Market conditions for the Japanese Yen are currently fragile, facing downward pressure due to a combination of factors including a potentially deteriorating fiscal outlook, upcoming Bank of Japan policy decisions, and political uncertainty surrounding a snap election. The Yen is struggling despite positive export data. Traders remain vigilant about potential intervention.
- The Japanese Yen slipped past 158.5 per dollar.
- Prime Minister Sanae Takaichi called a snap election and proposed looser fiscal measures, including eliminating the 8% sales tax on food.
- The BOJ is widely expected to hold its policy rate steady at 0.75% following December’s rate hike.

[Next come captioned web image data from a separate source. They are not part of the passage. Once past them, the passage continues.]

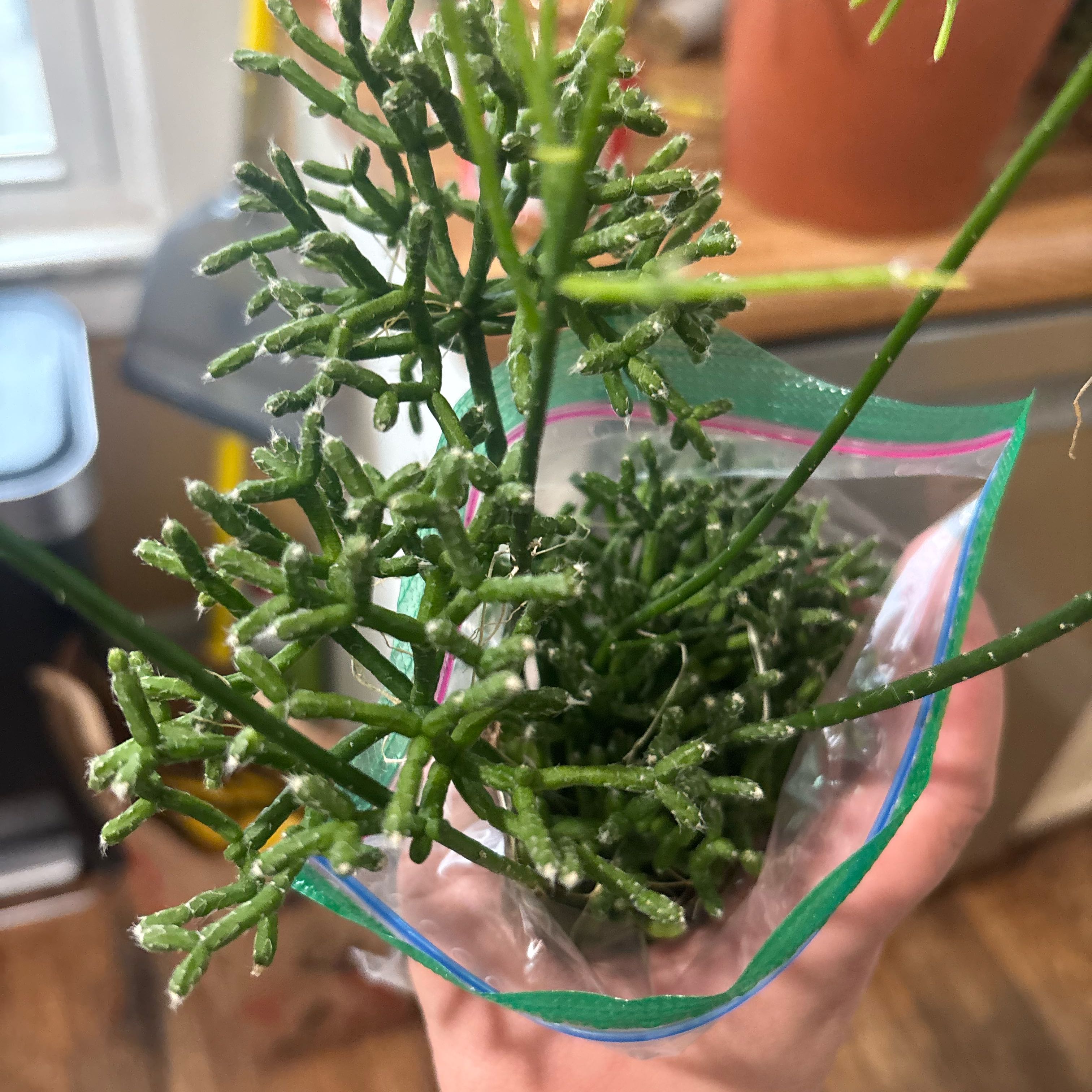 Photo of the plant species Coral Cactus by @NobleBoneset24 named Coral on Greg, the plant care app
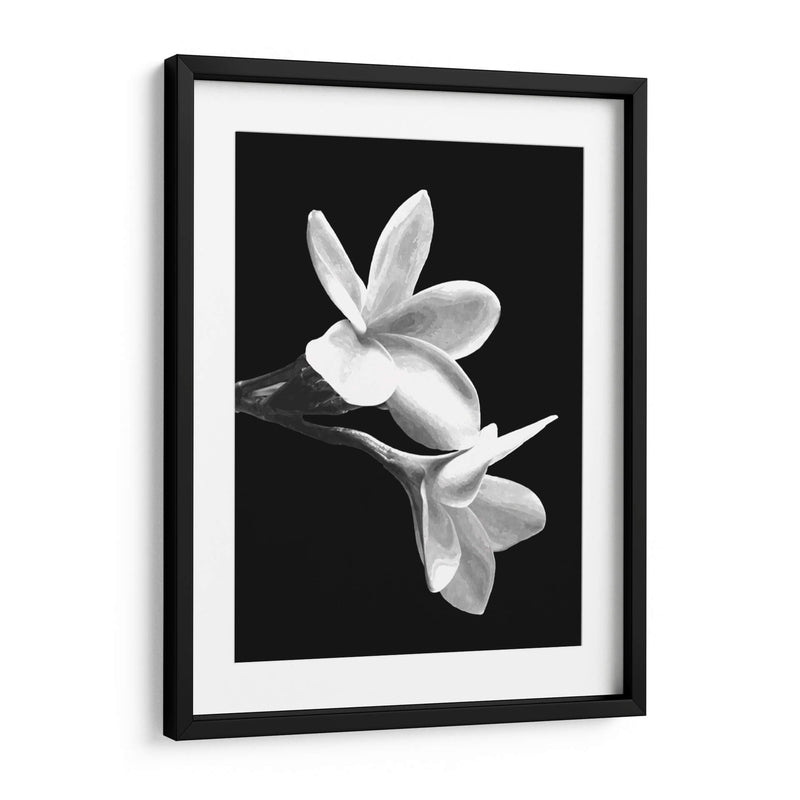 Flores Blancas - Alemi | Cuadro decorativo de Canvas Lab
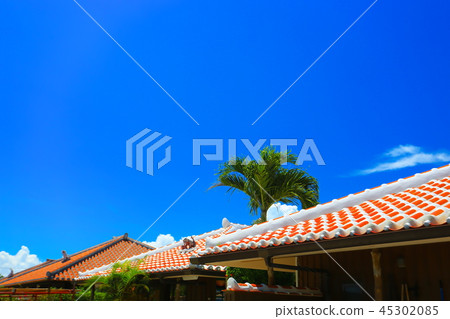 Village of Taketomijima 45302085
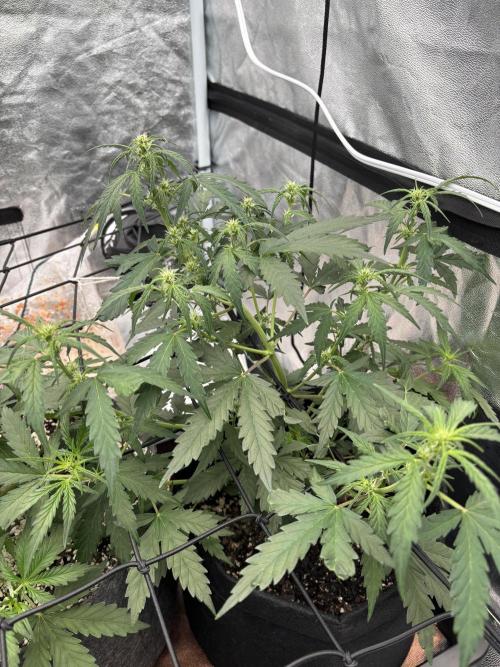 Gelato Auto FB First grow. Week 5 - This plants been in flower since week 3! Impressed by the speed on this one. 
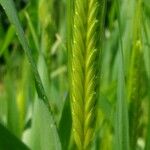 Triticum monococcum 果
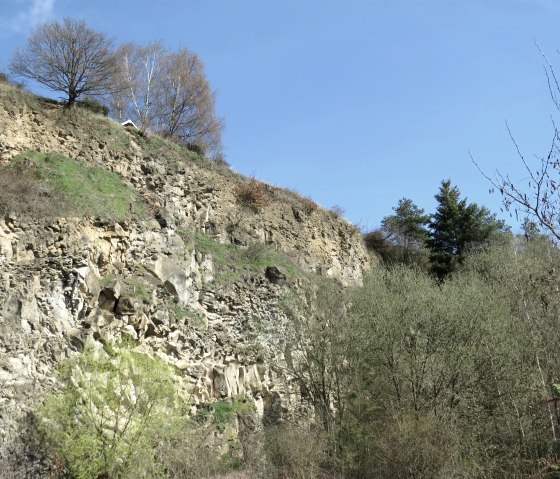 Die Ahl und seine Natur, &copy; Foto: Svenja Schulze-Entrup, Quelle: Touristik-B&uuml;ro Vordereifel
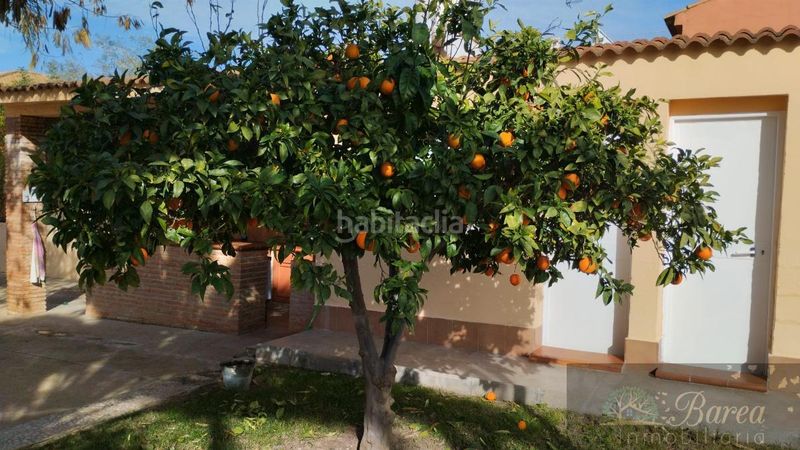 Foto bcc6f0bc-221f-4935-b5de-00a9b13ad7e6. Xalet amb piscina a Poleares Lucena
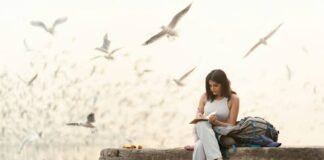 Geopolitical instability tests global tourism resilience as travel growth slows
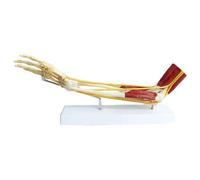 Anatomical Upper Limb Bone Model, Muscle Nerve Ligament Model Muscle Insertion and Origin Points for Human Anatomy Study Teaching molds
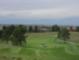 Golfing in The Pinery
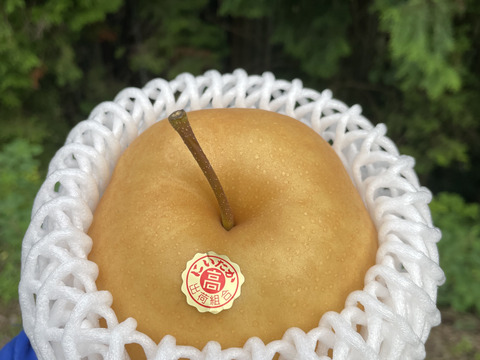 【贈答用】【6玉入】梨の王様「新高梨」食べ応え抜群！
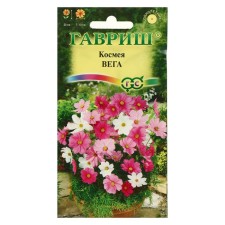 Cosmea Flower seeds 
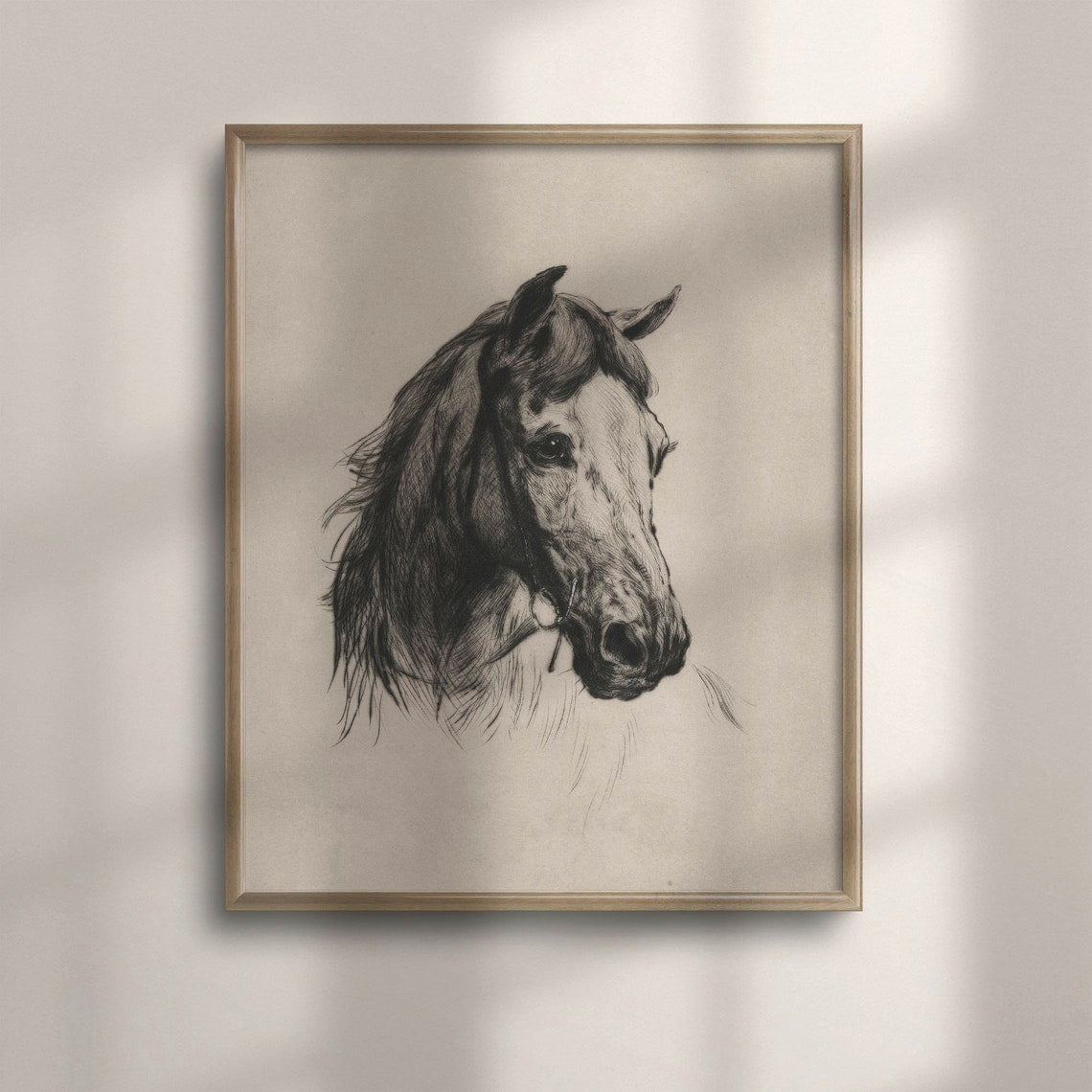 Antique Horse Sketch Vintage Equestrian Wall Art Print Farmhouse Nature Inspired Living Room Decor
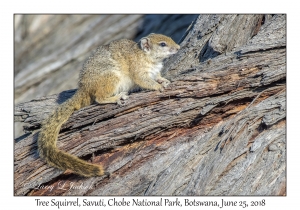 Tree Squirrel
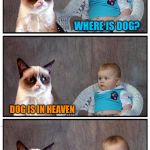 Grumpy Baby | WHERE IS DOG? DOG IS IN HEAVEN; GOOD. | image tagged in dad joke cat,memes | made w/ Imgflip meme maker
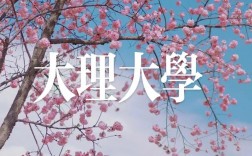 大理大学研究生凯发k8娱乐官网yjsc.dali.edu.cn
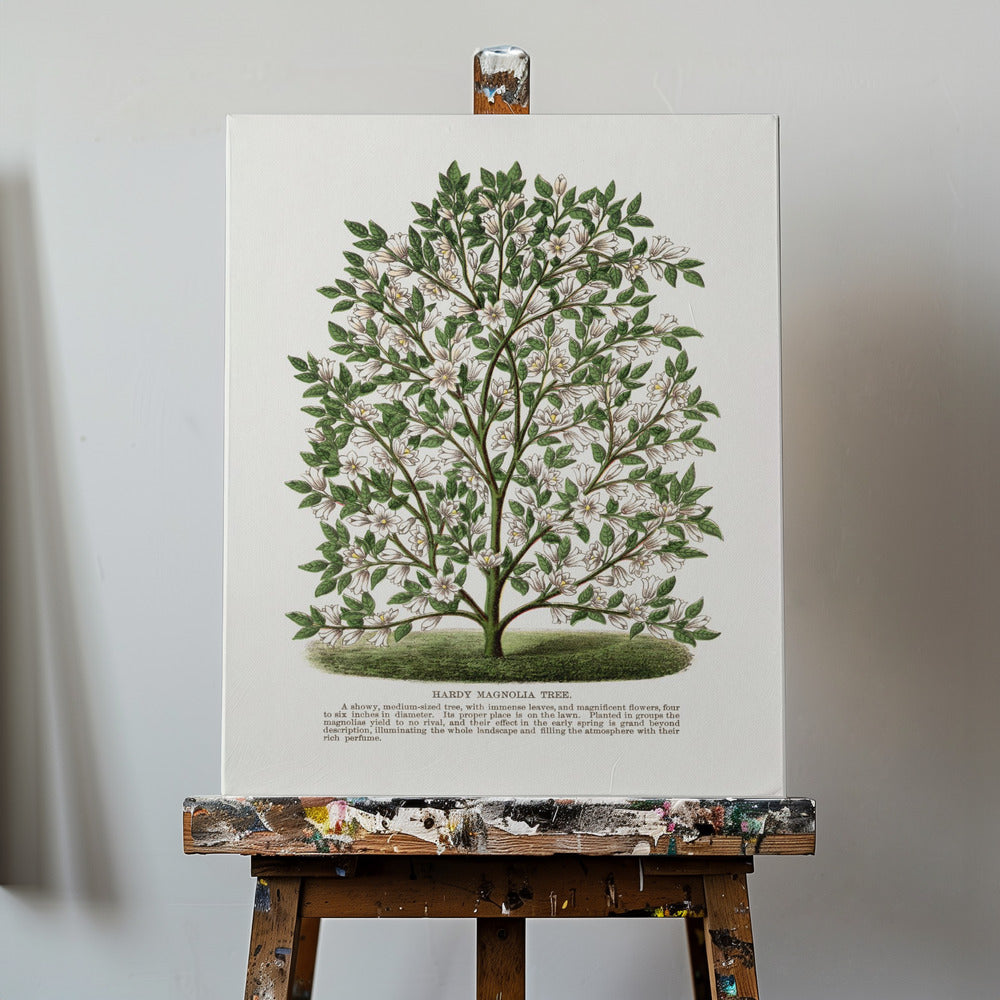 Lithografie des winterharten Magnolienbaums | Leinwand-Bilder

- Traders are alert to potential yen intervention due to concerns about the impact of a weaker currency on domestic inflation.
- Japan’s exports rose for a fourth consecutive month in December to a record level.
- Full-year exports also increased in 2025, even as shipments to the US fell.
- USD/JPY tested one-week highs, at 158.87.
- An ambiguous stance by BoJ Governor Ueda regarding further monetary tightening is likely to send the Yen on a tailspin.
The confluence of political decisions, fiscal concerns, and central bank policy expectations paints a complicated picture for the Yen. While export figures indicate some strength in the Japanese economy, the overall sentiment suggests vulnerability. A focus on fiscal easing and the potential for unchanged monetary policy could continue to weigh on the currency.